The jail is recognized by the Texas Police Chiefs Association, a process which has occurred twice. The jail will be reviewed by TPCA again in 2021. The jail must uphold TPCA’s operation procedures to maintain that recognition.

TPCA sends in officers from around the state to visit and inspect the jail. Additionally, the jail is inspected annually by a third party.

“We’ve been liability-free for over nine years,” Hunter added.

All jail cells are under video surveillance and the cells themselves were repurposed from the building on Kilgore Street which once housed City Hall, the fire station and the jail.

Despite their age, the cells perform better than some high-tech cells used in other departments, Hunter said.

“This stuff still works to this day. It was built right."

Having a local jail provides many benefits to the department and the city, he added.

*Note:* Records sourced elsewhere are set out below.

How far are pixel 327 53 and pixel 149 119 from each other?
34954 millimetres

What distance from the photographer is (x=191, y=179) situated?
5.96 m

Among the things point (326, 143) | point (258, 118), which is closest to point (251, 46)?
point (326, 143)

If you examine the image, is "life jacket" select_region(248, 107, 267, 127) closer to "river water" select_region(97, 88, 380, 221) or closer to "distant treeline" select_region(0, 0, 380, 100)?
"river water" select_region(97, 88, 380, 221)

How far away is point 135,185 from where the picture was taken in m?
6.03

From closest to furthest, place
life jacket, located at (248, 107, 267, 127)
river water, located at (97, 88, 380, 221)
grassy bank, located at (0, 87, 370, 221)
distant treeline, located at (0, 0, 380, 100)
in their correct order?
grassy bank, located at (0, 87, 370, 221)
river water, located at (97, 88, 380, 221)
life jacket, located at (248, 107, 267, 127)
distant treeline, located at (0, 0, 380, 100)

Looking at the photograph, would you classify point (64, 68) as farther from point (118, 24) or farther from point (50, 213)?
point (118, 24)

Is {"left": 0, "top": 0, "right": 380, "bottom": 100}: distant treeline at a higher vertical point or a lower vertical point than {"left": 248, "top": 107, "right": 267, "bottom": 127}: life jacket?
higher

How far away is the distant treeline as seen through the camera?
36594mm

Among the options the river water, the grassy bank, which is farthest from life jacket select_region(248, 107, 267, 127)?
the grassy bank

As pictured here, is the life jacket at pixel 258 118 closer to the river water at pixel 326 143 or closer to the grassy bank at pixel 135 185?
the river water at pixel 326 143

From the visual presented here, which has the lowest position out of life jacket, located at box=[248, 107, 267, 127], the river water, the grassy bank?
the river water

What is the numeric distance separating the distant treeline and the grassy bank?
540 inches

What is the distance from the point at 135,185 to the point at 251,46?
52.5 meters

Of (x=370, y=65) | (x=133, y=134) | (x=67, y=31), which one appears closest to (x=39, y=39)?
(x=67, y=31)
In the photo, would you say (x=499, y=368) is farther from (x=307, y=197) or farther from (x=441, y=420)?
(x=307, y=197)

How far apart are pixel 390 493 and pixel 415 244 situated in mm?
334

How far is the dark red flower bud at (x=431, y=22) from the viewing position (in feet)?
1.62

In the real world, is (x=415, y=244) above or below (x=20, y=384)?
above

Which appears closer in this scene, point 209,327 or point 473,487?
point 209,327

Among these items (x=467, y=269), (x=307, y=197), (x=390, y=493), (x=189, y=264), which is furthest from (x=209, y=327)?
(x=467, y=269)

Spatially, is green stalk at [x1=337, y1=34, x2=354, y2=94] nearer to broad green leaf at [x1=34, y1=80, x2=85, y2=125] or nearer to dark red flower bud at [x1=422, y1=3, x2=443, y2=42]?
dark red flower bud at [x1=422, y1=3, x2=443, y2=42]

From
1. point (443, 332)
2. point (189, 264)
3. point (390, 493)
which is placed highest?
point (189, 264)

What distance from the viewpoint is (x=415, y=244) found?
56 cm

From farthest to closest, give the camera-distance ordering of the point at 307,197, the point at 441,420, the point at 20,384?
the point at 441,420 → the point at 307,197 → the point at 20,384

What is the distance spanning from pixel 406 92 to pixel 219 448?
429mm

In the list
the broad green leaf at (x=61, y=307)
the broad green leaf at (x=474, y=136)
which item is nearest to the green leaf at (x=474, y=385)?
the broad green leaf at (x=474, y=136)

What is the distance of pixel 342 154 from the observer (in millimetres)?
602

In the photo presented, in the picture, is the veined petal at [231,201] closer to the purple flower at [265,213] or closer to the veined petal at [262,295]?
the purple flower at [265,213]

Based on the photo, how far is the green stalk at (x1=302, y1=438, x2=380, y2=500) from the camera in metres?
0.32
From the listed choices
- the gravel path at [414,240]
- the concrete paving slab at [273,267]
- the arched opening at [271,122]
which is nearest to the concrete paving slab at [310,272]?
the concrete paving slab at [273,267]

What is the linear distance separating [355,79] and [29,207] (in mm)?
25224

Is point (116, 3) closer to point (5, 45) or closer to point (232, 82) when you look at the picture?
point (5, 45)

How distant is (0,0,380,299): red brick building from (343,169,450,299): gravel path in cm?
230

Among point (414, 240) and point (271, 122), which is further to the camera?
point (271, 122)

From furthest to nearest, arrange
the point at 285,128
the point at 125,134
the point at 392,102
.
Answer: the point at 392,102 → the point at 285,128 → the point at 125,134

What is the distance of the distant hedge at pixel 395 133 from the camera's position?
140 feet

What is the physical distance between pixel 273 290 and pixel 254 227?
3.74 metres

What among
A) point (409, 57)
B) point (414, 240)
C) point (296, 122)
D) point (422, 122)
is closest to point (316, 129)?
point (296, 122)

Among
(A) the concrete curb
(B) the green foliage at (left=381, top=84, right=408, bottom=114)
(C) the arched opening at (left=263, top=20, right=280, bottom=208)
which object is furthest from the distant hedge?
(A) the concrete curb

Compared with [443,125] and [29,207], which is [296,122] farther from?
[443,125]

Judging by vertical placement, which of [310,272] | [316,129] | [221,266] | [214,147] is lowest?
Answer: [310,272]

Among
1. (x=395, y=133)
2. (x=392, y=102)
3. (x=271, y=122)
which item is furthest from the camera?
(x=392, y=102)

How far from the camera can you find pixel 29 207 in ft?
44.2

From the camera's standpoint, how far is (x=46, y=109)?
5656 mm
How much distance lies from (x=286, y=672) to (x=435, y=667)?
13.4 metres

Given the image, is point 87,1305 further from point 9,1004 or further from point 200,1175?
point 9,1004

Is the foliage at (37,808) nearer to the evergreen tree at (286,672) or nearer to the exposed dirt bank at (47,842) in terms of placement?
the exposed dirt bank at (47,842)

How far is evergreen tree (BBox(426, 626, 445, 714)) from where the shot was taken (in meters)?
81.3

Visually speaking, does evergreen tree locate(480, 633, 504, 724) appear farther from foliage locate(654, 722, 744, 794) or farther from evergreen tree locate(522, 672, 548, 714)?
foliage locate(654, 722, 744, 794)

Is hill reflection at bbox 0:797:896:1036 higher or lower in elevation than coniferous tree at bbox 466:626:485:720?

The jail allows officers to stay in town and be available for calls, rather than transporting all inmates to other facilities. It also allows detectives to interview inmates without driving to Henderson and Longview.

And, perhaps most importantly, Hunter said, having a local jail lets lawbreakers know crime doesn’t pay in Kilgore.

He shared an anecdote about a man and woman being stopped in Kilgore who were found to be in possession of a large quantity of methamphetamine.

As the officer was conducting an inspection of the car’s contents for impound records, the man turned to the woman with a grimace and uttered his regret.

“I told you we shouldn’t come to Kilgore, I told you!”